### Work request
In the entries below, find the line with "500 Crystal Clear" and transcribe it and every line after it exactly, through the last line, without pictures.

### Supplied records
____

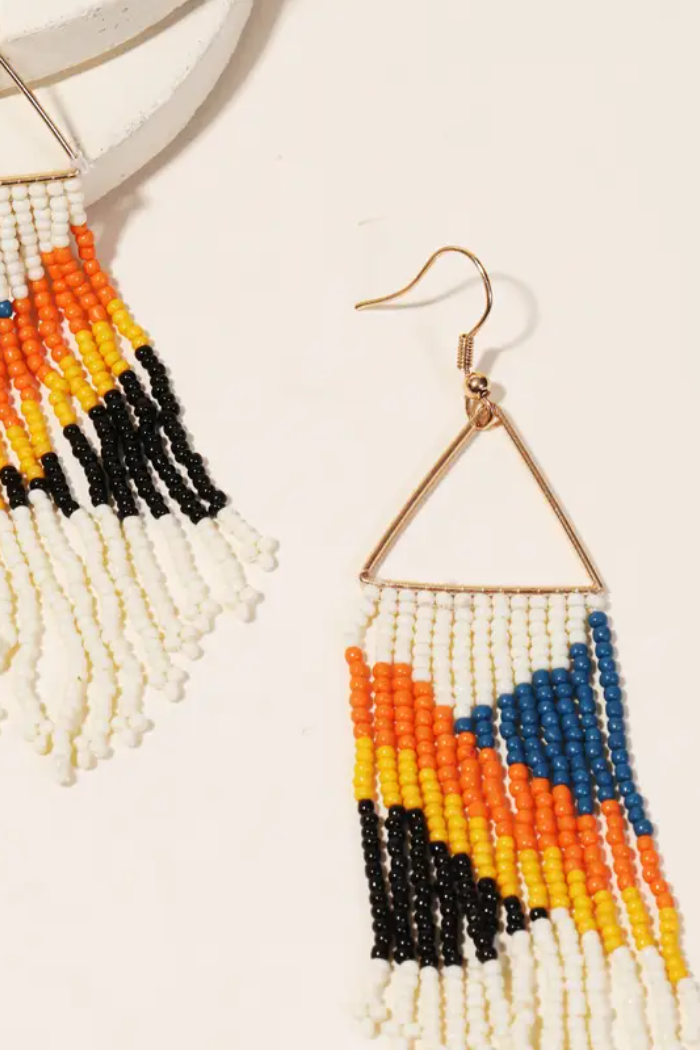 SEED BEADED TRIANGLE CUTOUT EARRINGS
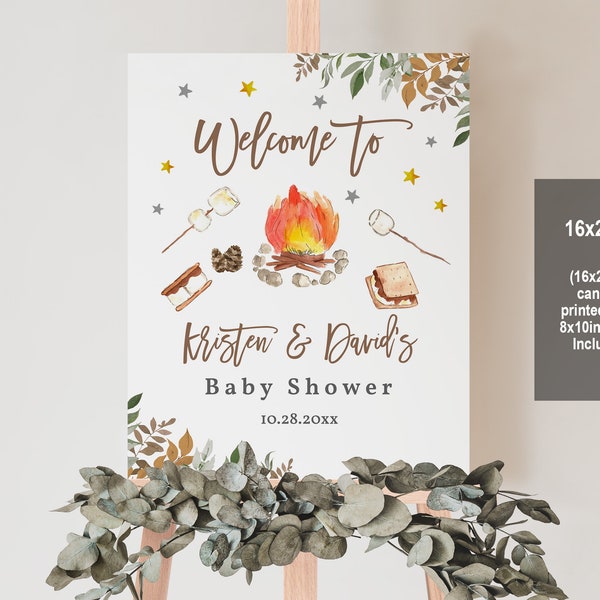 Editable S'more baby shower welcome sign S'mores Party Camping Campfire Bonfire Fall Boho Digital Greenery Neutral Printable Download Bab171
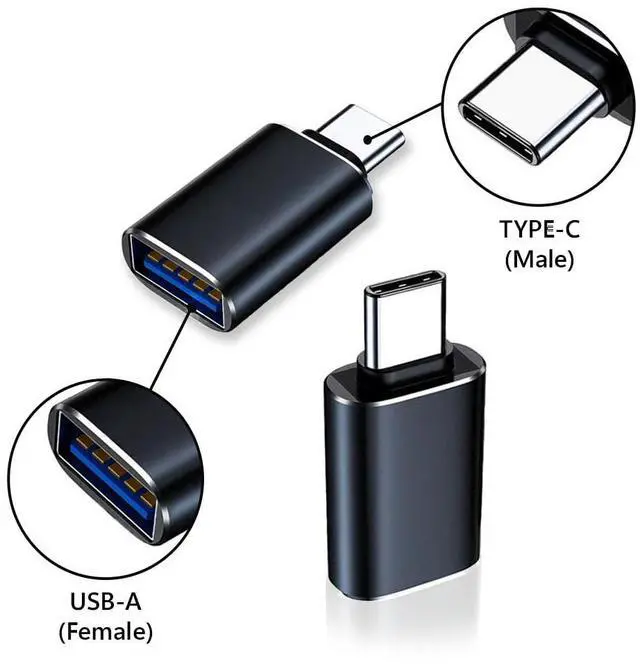 Alt view image 4 of 5 - USB C to USB Adapter Pack of 4, USB 3.0 Female to Thunderbolt 4/3 Adapter Compatible with MacBook Pro Air 2024 | 2025, Surface, iPad, iPhone, Galaxy Notebook, XPS and More Type C Devices, Space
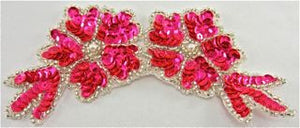 Flower with Flourescent Pink Sequins and Silver Beads 6" x 3"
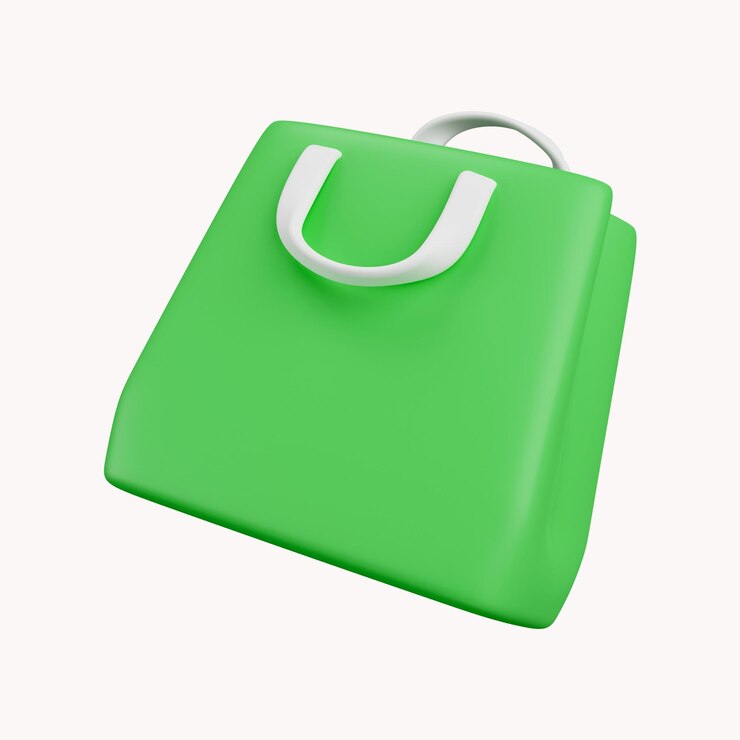 PSD sacolas de compras 3d isoladas no fundo para promoção conceito de compras on-line modelo de banner ilustração dos desenhos animados renderização em 3d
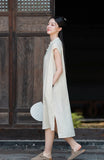 Petunia Linen Ramie Cheongsam Dress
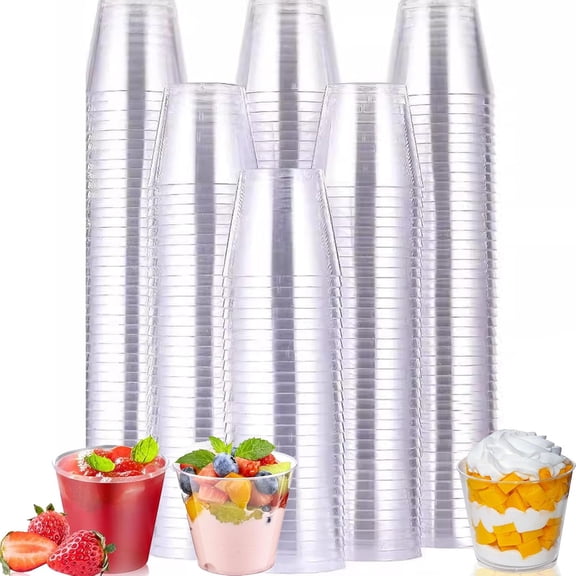 500 Crystal Clear Plastic Shot Glasses 1oz - Mini Disposable Cups for Wine Tasting, Condiments, Party - Clear Shot Cups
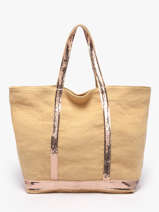 Handtas L Le Cabas Linnen Pailletten Vanessa bruno Geel cabas lin 31V40315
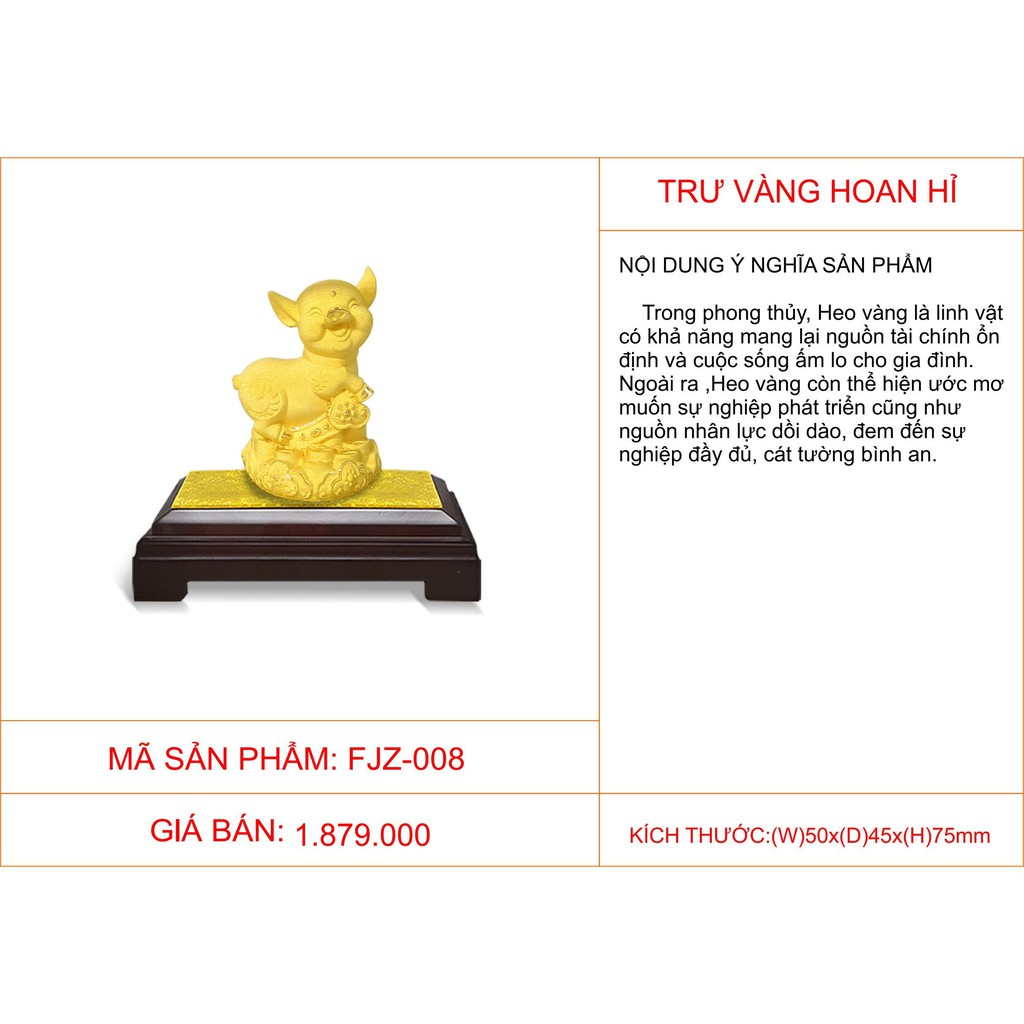 Quà tặng Kim Bảo Phúc DOJI - Trư vàng hoan hỉDEFJZ-008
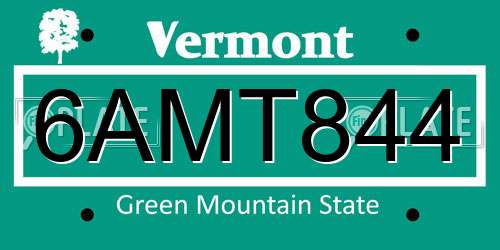 6AMT844 Vermont License Plate
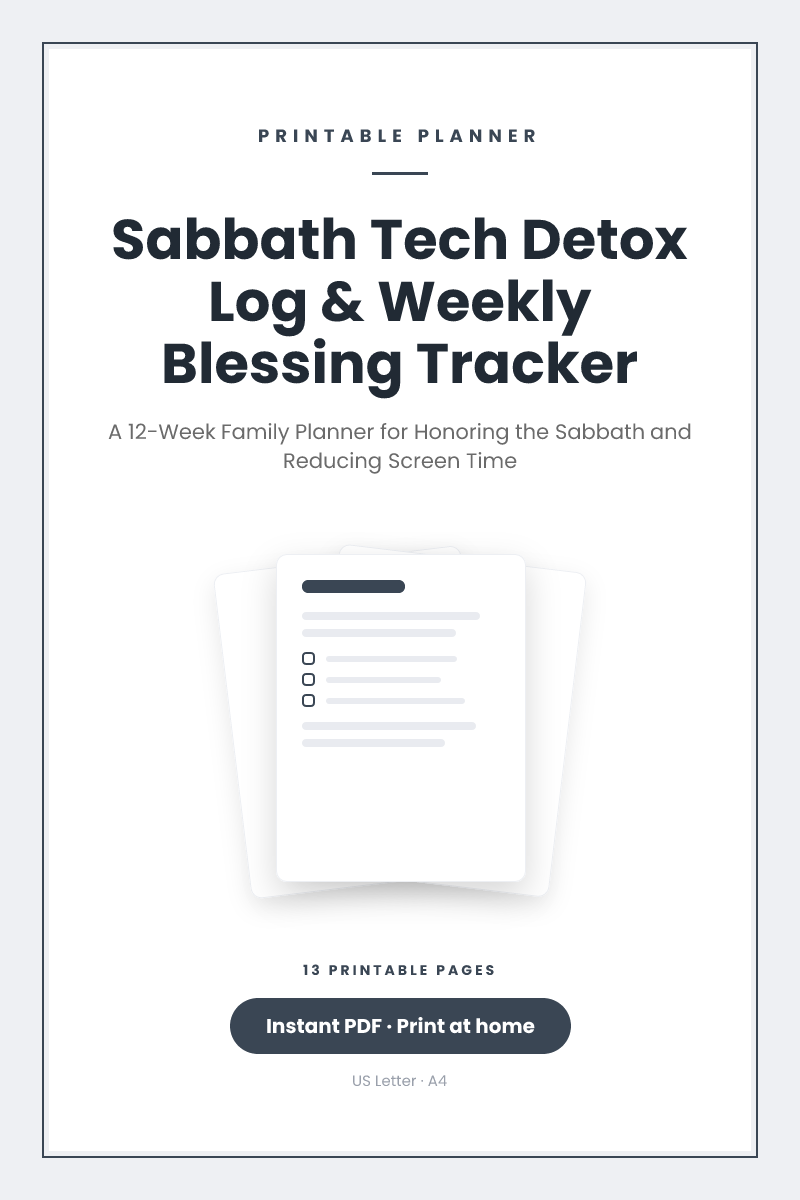 Sabbath Tech Detox Log & Weekly Blessing Tracker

____

### Reply to the task
 500 Crystal Clear Plastic Shot Glasses 1oz - Mini Disposable Cups for Wine Tasting, Condiments, Party - Clear Shot Cups
 Handtas L Le Cabas Linnen Pailletten Vanessa bruno Geel cabas lin 31V40315
 Quà tặng Kim Bảo Phúc DOJI - Trư vàng hoan hỉDEFJZ-008
 6AMT844 Vermont License Plate
 Sabbath Tech Detox Log & Weekly Blessing Tracker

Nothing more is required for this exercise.